Esta primera parte de análisis concluye con un colofón breve pero enjundioso, porque de una forma clara y sin tantas repeticiones y alusiones a trabajos ya publicados por el propio autor, González Calleja nos presenta su verdadero análisis de la violencia política, en el sentido del propio título del colofón: “la incidencia de la violencia sociopolítica en el naufragio de la república” (305-307). Para González Calleja es un mito la existencia de una violencia prerrevolucionaria organizada por la extrema izquierda para conquistar el poder, como del predominio de los usos paramilitares en la actuación contrarrevolucionaria de la extrema derecha. Para nuestro autor, el actor de la violencia fue la fuerza de Orden Público por su “inflexibilidad y el uso desproporcionado de la fuerza… El impacto psicológico acumulativo de los desórdenes públicos y la retórica conservadora sobre la anarquía, incapacidad, cautividad o complicidad gubernamentales, ampliamente aireada desde la prensa y la tribuna parlamentaria, activaron el proceso de cuestionamiento de la autoridad estatal y estimularon la búsqueda de soluciones autoritarias al presunto peligro revolucionario. Insiste el autor y concluye en que “la mayor parte de la violencia procedió de movilizaciones pacíficas que fueron desvirtuadas por la implicación de elementos externos, como los agentes provocadores o la intervención desmesurada de las fuerzas del orden. En suma, para el autor la causa de la Guerra Civil no fue la violencia sociopolítica, sino “que se conecta con la dinámica de enfrentamiento entre proyectos reaccionarios, reformistas y revolucionarios que estaba sufriendo España dese la primera guerra mundial y que alcanzó su momento de mayor intensidad conflictiva durante la dramática andadura de la democracia nacida el 14 de abril de 1931”. La segunda parte del libro es la Cronología de actos letales de violencia sociopolítica desde el 14 de abril de 1931 al 17 de julio de 1936, (309-424). El libro está enriquecido con cien cuadros y gráficos analíticos y bibliografía, así como índice onomástico y toponímico.

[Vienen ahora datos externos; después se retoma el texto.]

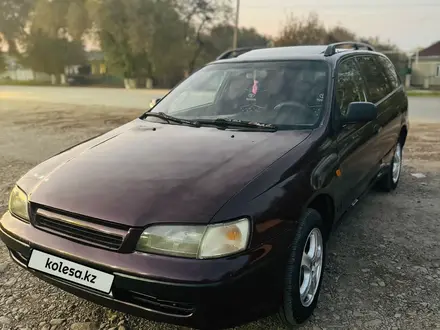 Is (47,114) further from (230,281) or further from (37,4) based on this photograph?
(37,4)

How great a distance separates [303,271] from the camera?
2604 millimetres

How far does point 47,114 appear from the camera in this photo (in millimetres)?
13914

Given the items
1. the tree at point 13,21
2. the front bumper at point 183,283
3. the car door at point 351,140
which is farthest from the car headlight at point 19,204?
the tree at point 13,21

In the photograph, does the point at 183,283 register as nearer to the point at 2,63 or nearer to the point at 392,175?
the point at 392,175

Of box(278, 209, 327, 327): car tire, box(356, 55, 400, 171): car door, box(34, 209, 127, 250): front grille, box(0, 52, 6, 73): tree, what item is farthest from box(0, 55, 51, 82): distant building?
box(278, 209, 327, 327): car tire

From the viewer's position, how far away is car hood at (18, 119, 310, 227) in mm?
2164

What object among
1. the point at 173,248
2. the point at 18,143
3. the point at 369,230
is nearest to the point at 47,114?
the point at 18,143

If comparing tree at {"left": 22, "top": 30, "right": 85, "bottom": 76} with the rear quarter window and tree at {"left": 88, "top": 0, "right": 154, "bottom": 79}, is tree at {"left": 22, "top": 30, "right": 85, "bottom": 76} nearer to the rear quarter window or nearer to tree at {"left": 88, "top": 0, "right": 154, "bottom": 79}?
tree at {"left": 88, "top": 0, "right": 154, "bottom": 79}

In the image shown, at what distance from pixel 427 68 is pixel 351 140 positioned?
40374 millimetres

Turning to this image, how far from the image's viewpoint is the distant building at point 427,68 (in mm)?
34812

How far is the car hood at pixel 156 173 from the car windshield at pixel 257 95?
0.29 metres

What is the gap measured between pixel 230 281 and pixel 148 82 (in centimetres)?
3810

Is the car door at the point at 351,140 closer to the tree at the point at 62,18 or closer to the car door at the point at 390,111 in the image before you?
the car door at the point at 390,111

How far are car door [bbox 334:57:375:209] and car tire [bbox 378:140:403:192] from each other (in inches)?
44.3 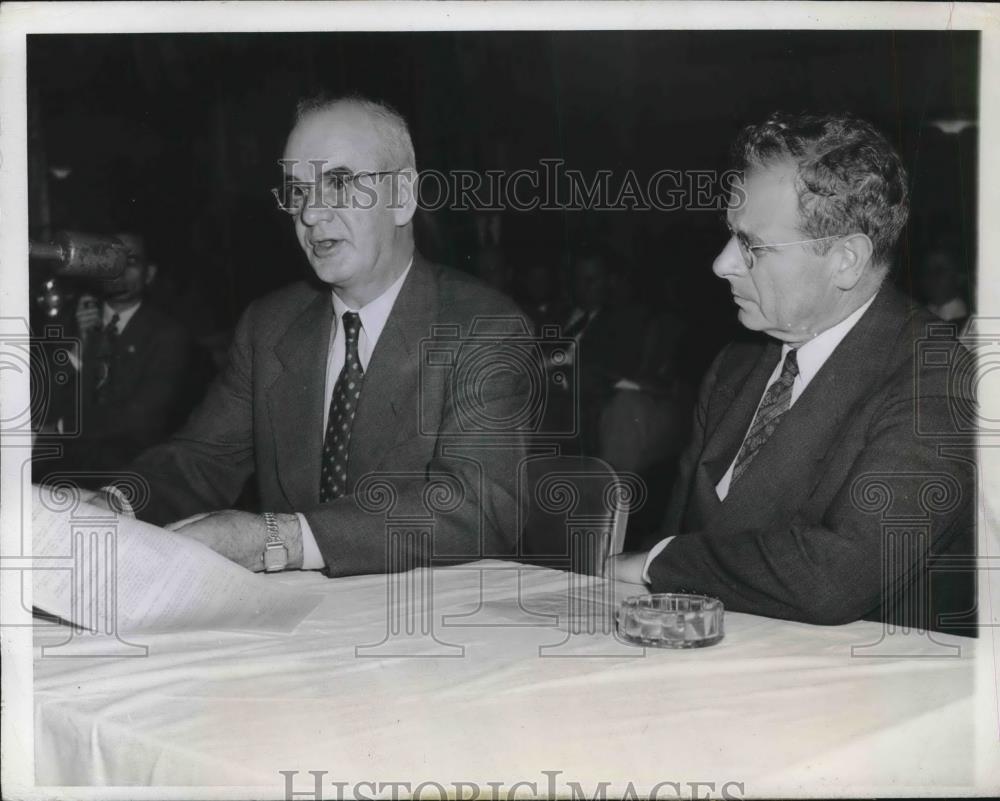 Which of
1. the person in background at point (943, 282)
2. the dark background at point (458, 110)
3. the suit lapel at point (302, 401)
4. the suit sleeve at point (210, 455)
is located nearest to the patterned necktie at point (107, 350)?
the dark background at point (458, 110)

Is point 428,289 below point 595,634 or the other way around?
the other way around

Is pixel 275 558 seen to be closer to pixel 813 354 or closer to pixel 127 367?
pixel 813 354

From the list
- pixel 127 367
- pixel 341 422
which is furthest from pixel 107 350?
pixel 341 422

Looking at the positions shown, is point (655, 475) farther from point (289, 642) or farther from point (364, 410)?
point (289, 642)

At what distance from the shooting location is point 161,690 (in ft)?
4.25

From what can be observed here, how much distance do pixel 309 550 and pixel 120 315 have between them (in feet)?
5.51

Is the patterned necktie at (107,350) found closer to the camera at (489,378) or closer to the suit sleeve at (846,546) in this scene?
the camera at (489,378)

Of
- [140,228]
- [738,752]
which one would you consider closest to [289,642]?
[738,752]

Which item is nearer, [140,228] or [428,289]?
[428,289]

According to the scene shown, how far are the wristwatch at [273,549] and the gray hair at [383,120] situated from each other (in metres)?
0.81

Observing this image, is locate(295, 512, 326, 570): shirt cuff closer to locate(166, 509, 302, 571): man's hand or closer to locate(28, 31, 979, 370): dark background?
locate(166, 509, 302, 571): man's hand

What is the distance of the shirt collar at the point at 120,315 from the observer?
323 centimetres

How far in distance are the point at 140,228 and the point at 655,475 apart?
2168 mm

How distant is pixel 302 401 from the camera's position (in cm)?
228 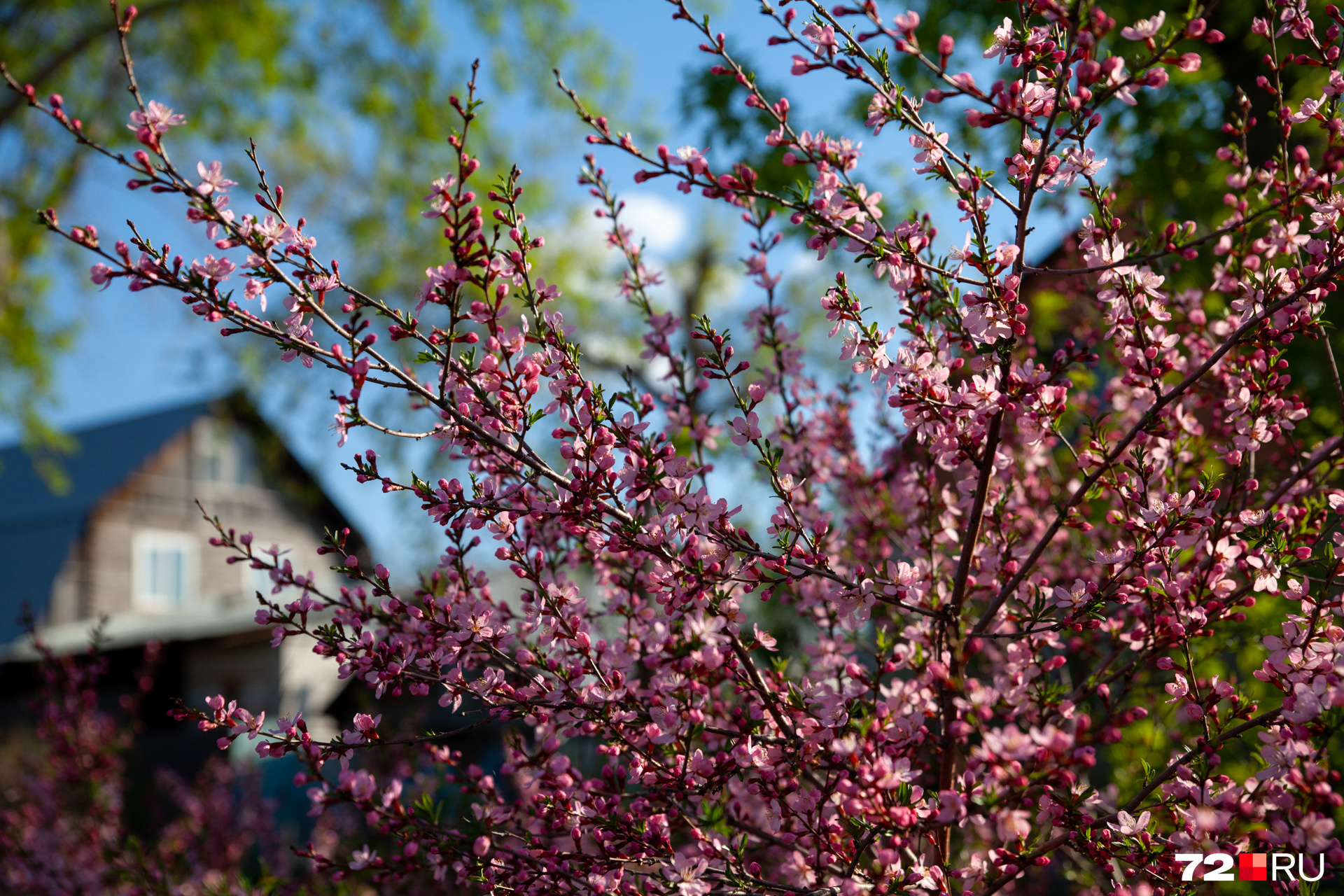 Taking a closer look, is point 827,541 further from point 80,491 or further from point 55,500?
point 55,500

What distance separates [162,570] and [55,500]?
10.8ft

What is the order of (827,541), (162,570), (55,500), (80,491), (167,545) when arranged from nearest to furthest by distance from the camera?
(827,541) → (80,491) → (55,500) → (162,570) → (167,545)

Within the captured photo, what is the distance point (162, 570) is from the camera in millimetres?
24281

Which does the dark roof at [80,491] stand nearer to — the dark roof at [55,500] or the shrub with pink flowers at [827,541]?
the dark roof at [55,500]

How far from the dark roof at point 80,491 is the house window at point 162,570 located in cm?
159

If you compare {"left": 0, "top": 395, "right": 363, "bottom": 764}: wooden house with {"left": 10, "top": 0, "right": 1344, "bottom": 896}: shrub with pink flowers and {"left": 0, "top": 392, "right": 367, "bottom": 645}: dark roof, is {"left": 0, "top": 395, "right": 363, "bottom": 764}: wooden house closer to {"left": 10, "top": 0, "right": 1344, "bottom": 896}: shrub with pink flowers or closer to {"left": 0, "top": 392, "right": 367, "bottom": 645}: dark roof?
{"left": 0, "top": 392, "right": 367, "bottom": 645}: dark roof

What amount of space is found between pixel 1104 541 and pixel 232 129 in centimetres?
1369

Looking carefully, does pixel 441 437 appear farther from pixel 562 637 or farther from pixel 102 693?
pixel 102 693

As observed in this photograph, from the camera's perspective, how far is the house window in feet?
77.8

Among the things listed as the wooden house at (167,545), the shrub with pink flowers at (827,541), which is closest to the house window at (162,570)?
the wooden house at (167,545)

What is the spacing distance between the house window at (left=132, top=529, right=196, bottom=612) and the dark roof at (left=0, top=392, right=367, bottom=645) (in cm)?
159

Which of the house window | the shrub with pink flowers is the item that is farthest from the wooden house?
the shrub with pink flowers

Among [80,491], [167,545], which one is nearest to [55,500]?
[80,491]

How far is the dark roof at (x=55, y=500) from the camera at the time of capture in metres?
22.5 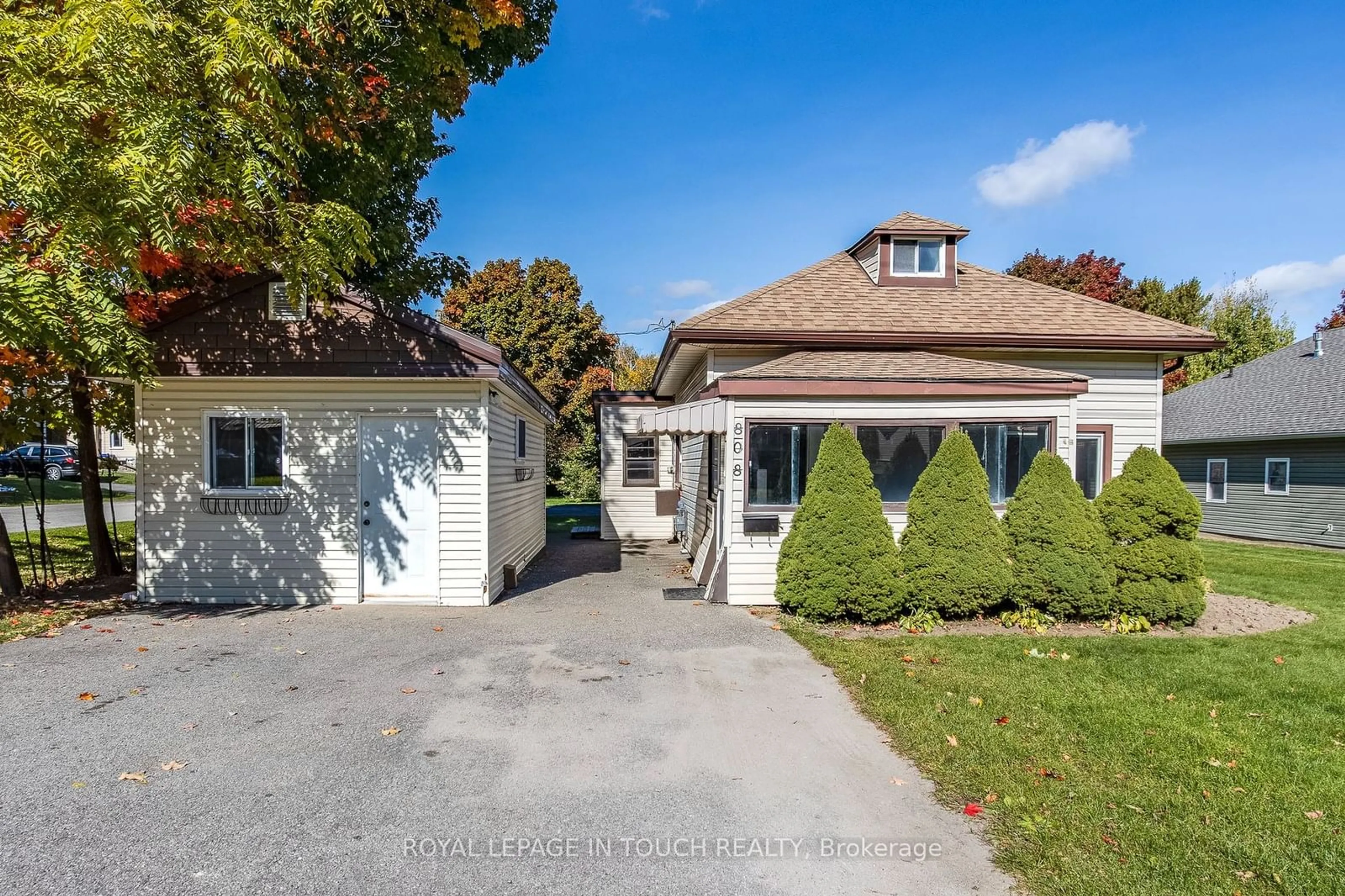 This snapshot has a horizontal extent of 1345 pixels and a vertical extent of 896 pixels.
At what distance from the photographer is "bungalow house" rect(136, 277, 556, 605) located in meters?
8.70

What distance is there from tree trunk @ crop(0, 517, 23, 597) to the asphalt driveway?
9.42 ft

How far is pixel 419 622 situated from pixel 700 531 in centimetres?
547

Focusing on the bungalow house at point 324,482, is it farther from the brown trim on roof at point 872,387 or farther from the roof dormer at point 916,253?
the roof dormer at point 916,253

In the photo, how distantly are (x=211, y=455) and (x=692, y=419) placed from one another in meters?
6.44

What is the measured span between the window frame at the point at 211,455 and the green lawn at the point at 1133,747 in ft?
22.3

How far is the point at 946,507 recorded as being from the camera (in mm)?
7957

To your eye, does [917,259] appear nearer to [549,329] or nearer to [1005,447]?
[1005,447]

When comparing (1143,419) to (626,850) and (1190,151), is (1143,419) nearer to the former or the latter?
(1190,151)

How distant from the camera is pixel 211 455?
8742mm

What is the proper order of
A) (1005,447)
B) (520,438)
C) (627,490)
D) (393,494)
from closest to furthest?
1. (393,494)
2. (1005,447)
3. (520,438)
4. (627,490)

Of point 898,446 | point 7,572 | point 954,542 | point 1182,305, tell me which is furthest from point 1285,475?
point 7,572

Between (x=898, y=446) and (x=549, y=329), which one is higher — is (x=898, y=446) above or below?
below

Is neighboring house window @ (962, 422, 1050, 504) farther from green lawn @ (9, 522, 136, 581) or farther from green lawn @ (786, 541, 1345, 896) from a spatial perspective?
green lawn @ (9, 522, 136, 581)

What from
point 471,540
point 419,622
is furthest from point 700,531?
point 419,622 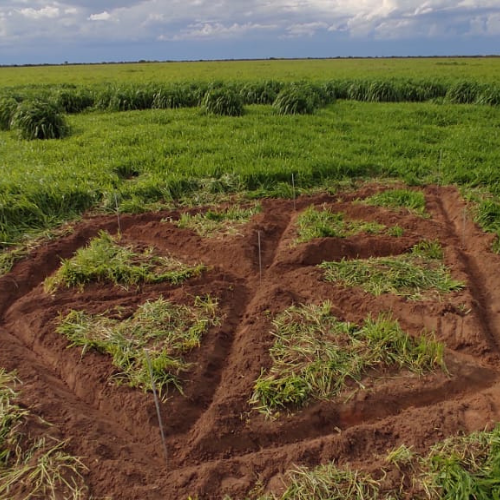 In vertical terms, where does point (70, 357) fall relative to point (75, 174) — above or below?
below

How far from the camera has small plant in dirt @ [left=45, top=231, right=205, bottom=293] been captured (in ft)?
13.6

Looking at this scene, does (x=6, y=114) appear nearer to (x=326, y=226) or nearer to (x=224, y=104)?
(x=224, y=104)

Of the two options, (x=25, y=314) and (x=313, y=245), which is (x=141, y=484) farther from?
(x=313, y=245)

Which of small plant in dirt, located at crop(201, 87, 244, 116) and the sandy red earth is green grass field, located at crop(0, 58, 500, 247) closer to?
small plant in dirt, located at crop(201, 87, 244, 116)

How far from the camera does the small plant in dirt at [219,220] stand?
5.12 metres

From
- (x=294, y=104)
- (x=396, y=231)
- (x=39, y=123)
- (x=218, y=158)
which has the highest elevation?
(x=294, y=104)

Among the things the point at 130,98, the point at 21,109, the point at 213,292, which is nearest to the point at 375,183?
the point at 213,292

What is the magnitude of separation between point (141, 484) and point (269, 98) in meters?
12.6

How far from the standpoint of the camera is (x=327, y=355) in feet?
10.3

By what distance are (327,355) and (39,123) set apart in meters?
8.45

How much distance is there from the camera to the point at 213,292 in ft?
12.9

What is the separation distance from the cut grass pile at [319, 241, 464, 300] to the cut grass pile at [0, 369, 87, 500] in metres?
2.52

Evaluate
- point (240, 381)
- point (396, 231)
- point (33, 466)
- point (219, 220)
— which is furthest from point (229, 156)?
point (33, 466)

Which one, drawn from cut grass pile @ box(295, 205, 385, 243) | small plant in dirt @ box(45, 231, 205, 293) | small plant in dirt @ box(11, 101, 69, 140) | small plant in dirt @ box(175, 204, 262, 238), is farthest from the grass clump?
small plant in dirt @ box(11, 101, 69, 140) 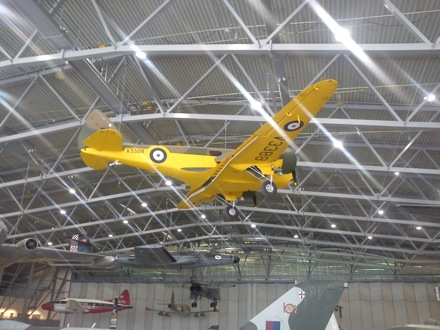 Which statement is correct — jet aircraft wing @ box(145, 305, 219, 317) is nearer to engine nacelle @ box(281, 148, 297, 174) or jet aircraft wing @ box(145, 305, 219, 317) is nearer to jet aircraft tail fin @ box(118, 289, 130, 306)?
jet aircraft tail fin @ box(118, 289, 130, 306)

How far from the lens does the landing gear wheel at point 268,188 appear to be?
941cm

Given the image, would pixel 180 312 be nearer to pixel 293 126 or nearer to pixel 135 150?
pixel 135 150

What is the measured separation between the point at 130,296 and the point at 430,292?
86.4 ft

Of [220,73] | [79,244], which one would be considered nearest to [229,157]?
[220,73]

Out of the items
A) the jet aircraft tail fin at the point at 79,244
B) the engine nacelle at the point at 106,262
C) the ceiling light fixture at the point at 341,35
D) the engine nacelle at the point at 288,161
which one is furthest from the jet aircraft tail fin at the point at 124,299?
the ceiling light fixture at the point at 341,35

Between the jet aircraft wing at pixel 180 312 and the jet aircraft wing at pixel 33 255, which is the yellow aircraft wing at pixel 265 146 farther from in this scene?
the jet aircraft wing at pixel 180 312

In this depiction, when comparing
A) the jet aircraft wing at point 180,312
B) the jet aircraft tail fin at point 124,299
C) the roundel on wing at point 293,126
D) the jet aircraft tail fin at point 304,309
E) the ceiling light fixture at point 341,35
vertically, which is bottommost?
the jet aircraft tail fin at point 304,309

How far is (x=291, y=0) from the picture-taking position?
901 centimetres

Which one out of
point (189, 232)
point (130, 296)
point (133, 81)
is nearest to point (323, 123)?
point (133, 81)

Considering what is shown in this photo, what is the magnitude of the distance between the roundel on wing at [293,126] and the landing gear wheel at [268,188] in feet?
5.25

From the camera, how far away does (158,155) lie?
389 inches

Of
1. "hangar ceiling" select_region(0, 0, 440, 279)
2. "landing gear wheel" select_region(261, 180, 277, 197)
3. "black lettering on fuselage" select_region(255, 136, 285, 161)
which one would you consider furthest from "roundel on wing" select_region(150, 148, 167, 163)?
"landing gear wheel" select_region(261, 180, 277, 197)

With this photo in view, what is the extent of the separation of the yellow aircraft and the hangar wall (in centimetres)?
2460

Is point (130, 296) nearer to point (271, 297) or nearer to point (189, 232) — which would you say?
point (189, 232) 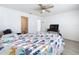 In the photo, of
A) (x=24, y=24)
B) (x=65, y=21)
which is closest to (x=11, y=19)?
(x=24, y=24)

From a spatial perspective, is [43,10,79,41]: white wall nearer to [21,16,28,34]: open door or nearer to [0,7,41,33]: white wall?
[0,7,41,33]: white wall

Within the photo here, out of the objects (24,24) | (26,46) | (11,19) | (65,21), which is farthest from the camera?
(24,24)

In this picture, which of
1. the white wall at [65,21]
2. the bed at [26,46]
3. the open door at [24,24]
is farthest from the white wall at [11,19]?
the bed at [26,46]

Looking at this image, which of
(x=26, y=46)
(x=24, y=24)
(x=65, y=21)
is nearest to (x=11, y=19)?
(x=24, y=24)

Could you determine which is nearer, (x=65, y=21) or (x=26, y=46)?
(x=26, y=46)

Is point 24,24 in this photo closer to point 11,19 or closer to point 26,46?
point 11,19

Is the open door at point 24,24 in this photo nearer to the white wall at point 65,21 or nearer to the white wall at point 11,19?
the white wall at point 11,19

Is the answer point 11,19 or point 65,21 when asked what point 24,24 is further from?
point 65,21

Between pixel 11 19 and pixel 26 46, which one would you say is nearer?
pixel 26 46

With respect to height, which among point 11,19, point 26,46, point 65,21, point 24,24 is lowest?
point 26,46

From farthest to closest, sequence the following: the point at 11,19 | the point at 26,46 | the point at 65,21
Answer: the point at 11,19 → the point at 65,21 → the point at 26,46

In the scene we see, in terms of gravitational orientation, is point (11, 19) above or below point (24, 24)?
above

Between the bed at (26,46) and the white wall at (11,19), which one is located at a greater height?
the white wall at (11,19) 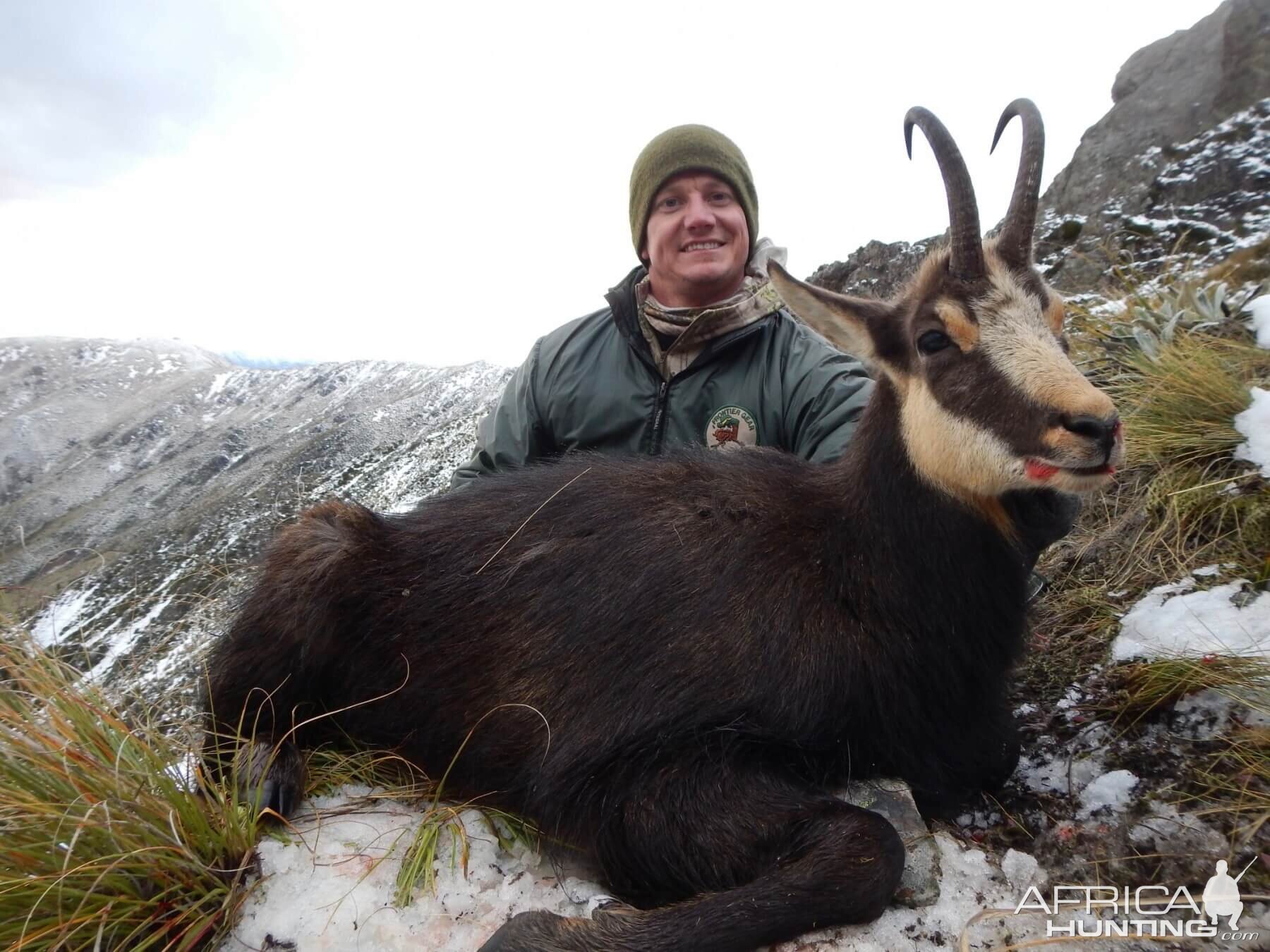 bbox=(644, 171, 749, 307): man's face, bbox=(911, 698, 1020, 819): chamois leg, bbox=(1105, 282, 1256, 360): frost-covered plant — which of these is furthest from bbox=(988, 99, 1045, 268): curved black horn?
bbox=(1105, 282, 1256, 360): frost-covered plant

Sin entrar en el fondo de las conclusiones del autor, desde mi punto de vista, el gran problema de este libro está en la metodología usada. Quizá en vez de una introducción historiográfica tan larga y por otro lado ya publicada por el propio autor, hubiera venido muy bien un análisis heurístico a fondo. Por tanto, este libro ayuda a centrar el problema del origen de la guerra civil no desde la guerra civil, como si esta fuera causa indefectible de la República, sino desde la propia andadura de la República y la violencia sociopolítica.